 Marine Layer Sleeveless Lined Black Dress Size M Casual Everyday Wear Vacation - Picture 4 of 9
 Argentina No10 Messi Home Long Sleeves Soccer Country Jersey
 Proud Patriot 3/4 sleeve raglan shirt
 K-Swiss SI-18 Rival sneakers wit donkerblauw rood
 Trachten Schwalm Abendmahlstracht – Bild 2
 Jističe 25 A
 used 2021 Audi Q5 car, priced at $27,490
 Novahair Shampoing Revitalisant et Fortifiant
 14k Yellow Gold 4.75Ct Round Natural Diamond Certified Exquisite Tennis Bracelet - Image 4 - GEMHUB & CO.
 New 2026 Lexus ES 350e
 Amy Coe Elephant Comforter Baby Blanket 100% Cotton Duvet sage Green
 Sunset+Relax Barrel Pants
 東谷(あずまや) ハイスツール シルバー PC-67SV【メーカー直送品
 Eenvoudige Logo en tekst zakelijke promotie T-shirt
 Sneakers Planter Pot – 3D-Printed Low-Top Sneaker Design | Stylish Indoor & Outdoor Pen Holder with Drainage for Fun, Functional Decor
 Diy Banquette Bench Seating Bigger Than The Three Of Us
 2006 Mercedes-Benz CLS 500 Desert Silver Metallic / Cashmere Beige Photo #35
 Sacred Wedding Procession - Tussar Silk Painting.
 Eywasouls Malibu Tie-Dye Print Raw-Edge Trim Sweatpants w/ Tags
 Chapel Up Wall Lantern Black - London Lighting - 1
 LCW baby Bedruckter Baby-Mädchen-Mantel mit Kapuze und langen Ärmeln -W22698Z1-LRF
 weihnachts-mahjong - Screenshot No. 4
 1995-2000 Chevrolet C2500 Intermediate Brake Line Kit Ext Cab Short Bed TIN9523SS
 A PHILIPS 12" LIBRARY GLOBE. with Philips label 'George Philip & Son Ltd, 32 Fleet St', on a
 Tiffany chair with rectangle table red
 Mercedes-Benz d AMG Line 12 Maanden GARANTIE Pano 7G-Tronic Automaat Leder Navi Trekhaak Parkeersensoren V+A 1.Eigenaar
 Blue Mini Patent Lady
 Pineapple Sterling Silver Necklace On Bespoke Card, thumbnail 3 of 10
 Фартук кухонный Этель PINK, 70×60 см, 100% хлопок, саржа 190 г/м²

Task item: For the string "Black", report how many lines of the records contain it, giving the number only.

The answer: 2